Sailfin mollies can be found fresh, brackish, and coastal waters all over Florida, but most people I have pointed them out to were unaware of their existence. A minnow is a minnow to many…and if someone only
sees a group of female sailfins, he or she might easily dismiss them as slightly larger than average mosquito fish. Their bodies are light grey or silver, and rows of spots appear in straight line patterns along the sides, back, and dorsal fin.
However, the mature male of the species displays an enlarged dorsal fin and a wide tail that are tinged with iridescent blue. As a child wandering along the dark tannin-colored creek, I often marveled at the shimmering blue tail of a sailfin near the bank, and watched as the male darted about his harem like a sultan trying to ward off any rivals.

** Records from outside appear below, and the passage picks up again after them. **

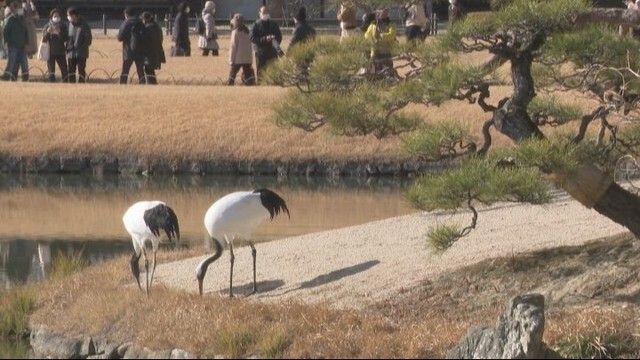 タンチョウの園内散策（2024年1月撮影）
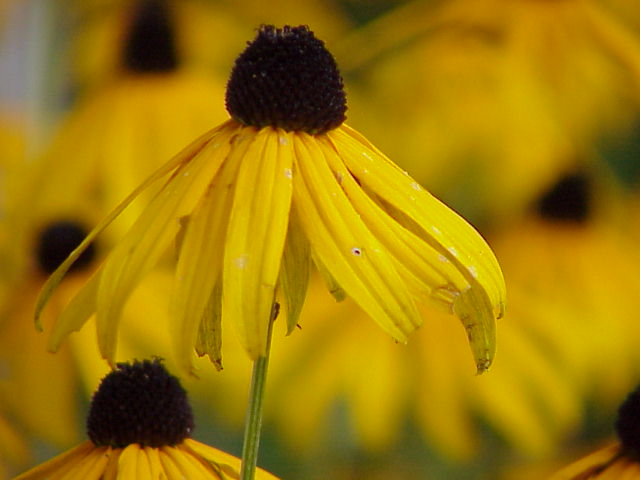 Black Eye Susan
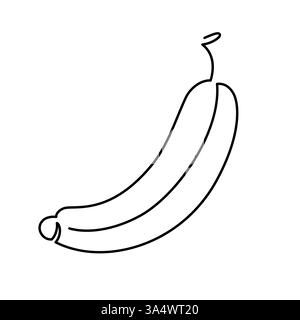 Banana fruit illustration. Single line icon. Line art Banana. One line Banana illustration. Vector Outline fruit isolated on white background Stock Vector
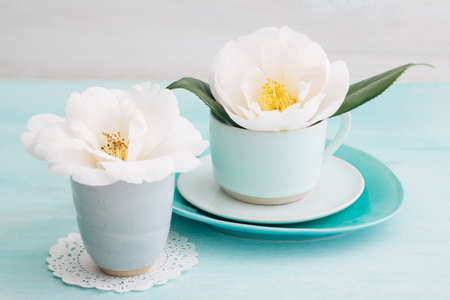 Camellia flower blossoms in turquoise cupsの写真素材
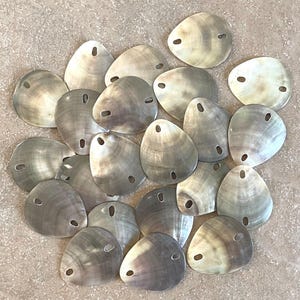 May include: A collection of gray and cream-colored shell pendants, each with two small holes and a single hole at the top. The pendants are arranged in a circular pattern on a light brown surface. The shells have a pearlescent sheen.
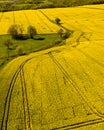 Aerial view of a yellow rapeseed field, the agricultural fields Royalty Free Stock Photo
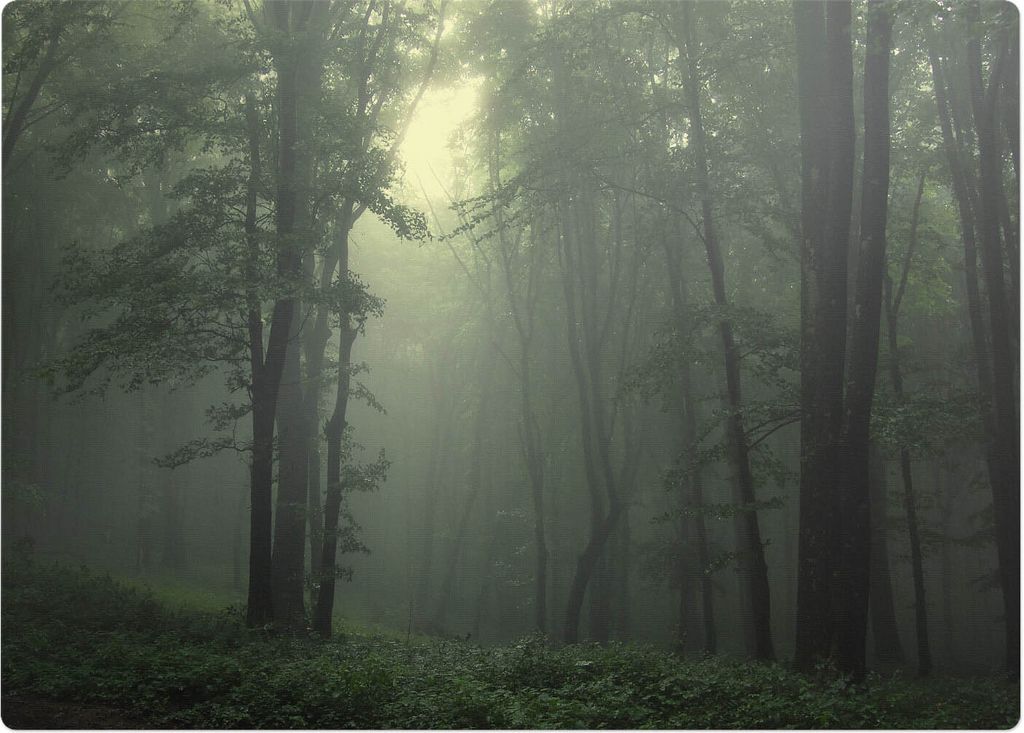 Nebliger Wald Im Morgengrauen – Bodenschutzmatte – Rutschfest – Schutzmatte für Büro – Vinylmatte – Stuhlunterlage – 140 x 100 cm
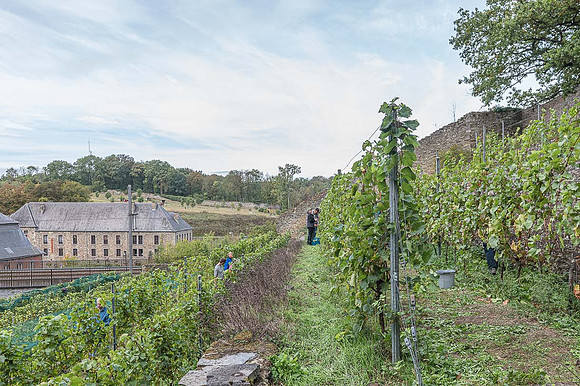 2026 09 19 Vendanges V-l-Vigne n° 39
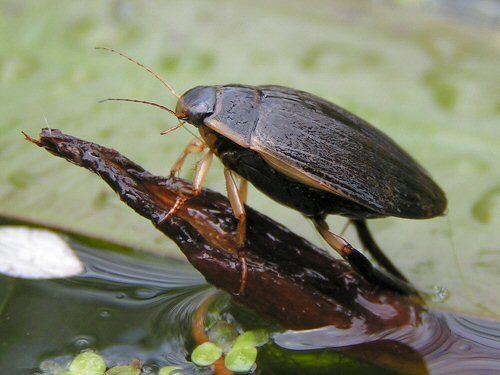 Water beetle wwwspacefornaturecoukGalleriesAnimalsInsects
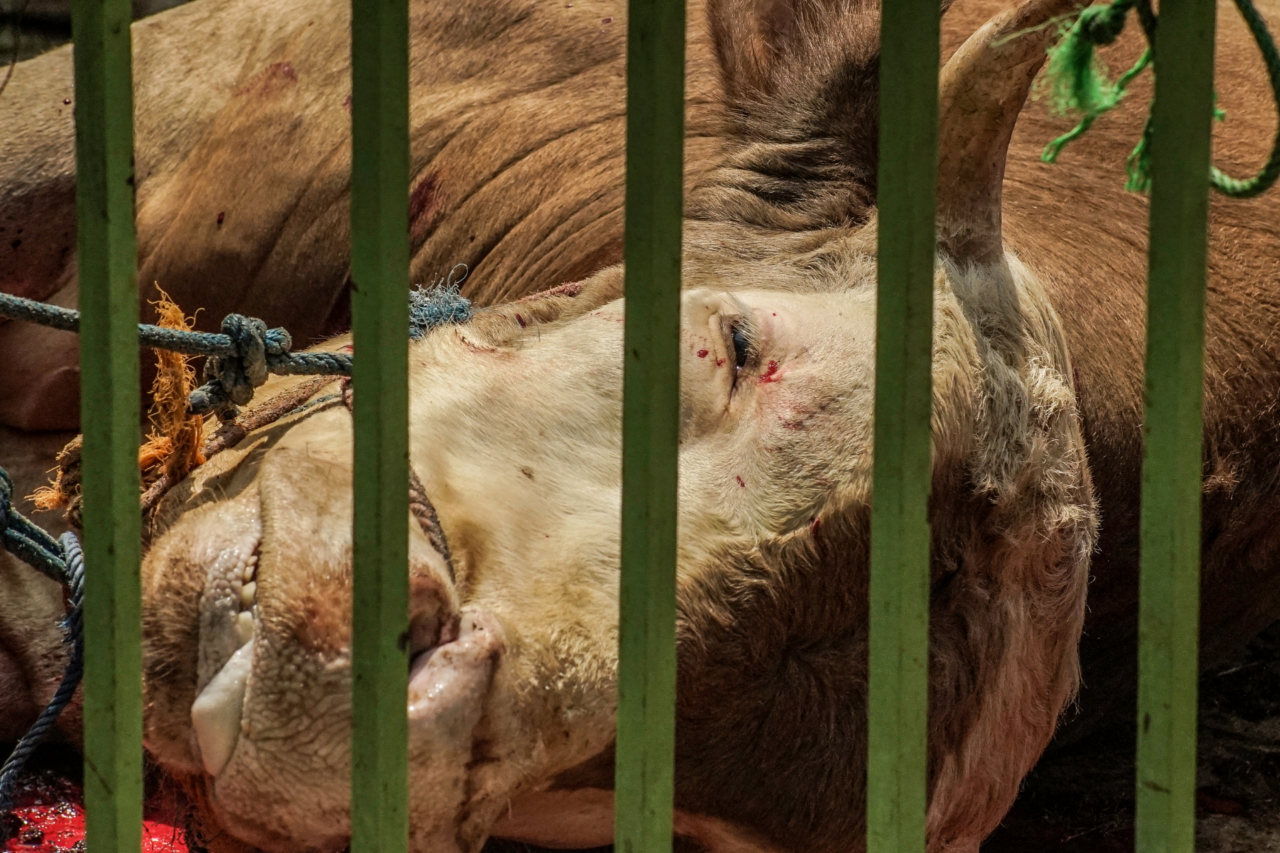 Brucelose bovina: a doença silenciosa que compromete rebanhos, produção e saúde pública no campo 5 crys 28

From the 4th chapter, “Minnows,” in Growing Up Floridian:
From the moment I caught my first Golden Topminnow in Indiantown, fish fascinated me. The diversity of the species in the creek, which flowed through the swamp separating the headquarters of the Quarter Circle A Ranch from State Road 62, captured my attention on the first day I wandered along the creek’s banks. The variety of shapes, sizes, and preferred habitats of the minnows was lost on my brother and others like him who focused on fish that could be caught for the dinner table. Smokey concerned himself with how big the bass, bream, and bluegill were and only gave passing attention to my captures of Flagfish, Pygmy Sunfish, and Golden Topminnows.